Problem to work on: Take every line from the data that has the word "first" in it.

Data provided:
========

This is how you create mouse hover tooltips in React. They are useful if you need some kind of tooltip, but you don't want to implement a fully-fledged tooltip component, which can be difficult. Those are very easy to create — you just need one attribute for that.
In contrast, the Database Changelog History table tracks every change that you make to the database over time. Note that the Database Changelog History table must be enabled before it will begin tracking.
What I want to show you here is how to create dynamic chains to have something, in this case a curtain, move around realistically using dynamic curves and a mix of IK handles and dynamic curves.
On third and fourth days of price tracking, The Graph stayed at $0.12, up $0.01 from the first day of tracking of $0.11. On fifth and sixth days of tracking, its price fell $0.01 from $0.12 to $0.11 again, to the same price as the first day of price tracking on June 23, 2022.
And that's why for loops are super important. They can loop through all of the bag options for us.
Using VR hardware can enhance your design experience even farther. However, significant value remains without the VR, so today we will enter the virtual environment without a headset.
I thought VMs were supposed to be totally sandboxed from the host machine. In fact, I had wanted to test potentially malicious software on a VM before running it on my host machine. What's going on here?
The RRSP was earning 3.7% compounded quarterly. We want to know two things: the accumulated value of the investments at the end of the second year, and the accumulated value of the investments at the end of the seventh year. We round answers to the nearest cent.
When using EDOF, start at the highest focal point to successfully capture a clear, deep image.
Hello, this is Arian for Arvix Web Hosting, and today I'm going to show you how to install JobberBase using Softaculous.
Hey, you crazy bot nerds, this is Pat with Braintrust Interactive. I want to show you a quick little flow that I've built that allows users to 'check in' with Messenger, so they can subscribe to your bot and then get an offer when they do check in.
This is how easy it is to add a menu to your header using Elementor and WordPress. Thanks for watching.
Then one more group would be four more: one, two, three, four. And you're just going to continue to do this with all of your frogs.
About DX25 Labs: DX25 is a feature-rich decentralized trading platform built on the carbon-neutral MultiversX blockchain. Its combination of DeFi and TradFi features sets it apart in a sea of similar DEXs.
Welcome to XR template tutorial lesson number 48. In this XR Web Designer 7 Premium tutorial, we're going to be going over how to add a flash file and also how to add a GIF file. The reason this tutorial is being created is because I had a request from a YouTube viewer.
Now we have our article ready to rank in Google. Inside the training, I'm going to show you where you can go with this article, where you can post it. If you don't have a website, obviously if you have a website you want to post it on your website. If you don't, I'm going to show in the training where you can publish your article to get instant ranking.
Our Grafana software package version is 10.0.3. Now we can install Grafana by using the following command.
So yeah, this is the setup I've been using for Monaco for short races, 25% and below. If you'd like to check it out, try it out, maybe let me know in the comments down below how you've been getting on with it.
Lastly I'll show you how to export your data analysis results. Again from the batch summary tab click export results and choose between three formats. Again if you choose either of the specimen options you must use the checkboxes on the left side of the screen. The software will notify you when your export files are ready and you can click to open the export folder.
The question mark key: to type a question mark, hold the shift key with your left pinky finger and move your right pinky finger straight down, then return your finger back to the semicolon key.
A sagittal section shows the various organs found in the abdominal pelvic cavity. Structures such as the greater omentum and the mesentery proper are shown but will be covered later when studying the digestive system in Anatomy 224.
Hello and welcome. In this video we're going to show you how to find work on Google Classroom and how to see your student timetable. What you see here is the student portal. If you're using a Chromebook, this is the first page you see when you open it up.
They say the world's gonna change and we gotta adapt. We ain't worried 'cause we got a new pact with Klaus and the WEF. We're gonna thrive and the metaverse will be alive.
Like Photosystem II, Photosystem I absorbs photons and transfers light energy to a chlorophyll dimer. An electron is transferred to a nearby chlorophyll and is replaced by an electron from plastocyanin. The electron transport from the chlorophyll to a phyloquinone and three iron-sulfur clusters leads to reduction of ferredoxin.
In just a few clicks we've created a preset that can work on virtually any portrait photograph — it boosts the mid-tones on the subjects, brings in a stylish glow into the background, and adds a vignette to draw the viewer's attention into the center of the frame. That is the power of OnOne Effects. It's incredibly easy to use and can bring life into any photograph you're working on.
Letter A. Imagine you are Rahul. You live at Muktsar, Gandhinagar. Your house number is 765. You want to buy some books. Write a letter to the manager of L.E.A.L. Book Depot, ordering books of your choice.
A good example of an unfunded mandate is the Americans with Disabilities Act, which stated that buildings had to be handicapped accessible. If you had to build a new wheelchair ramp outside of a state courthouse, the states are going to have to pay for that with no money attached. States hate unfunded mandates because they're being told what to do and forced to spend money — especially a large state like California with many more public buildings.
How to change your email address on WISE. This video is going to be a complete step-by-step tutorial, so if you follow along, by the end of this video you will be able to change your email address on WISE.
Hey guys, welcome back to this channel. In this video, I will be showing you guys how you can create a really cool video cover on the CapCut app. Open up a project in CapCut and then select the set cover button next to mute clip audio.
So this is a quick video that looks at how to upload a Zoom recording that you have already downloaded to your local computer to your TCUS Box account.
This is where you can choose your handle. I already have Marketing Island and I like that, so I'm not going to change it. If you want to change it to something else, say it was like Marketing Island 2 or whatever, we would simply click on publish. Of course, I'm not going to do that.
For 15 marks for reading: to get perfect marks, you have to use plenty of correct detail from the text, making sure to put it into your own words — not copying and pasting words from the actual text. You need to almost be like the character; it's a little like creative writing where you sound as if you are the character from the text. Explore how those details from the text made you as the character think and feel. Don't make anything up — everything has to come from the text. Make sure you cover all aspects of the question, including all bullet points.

========

Response area:
On third and fourth days of price tracking, The Graph stayed at $0.12, up $0.01 from the first day of tracking of $0.11. On fifth and sixth days of tracking, its price fell $0.01 from $0.12 to $0.11 again, to the same price as the first day of price tracking on June 23, 2022.
Hello and welcome. In this video we're going to show you how to find work on Google Classroom and how to see your student timetable. What you see here is the student portal. If you're using a Chromebook, this is the first page you see when you open it up.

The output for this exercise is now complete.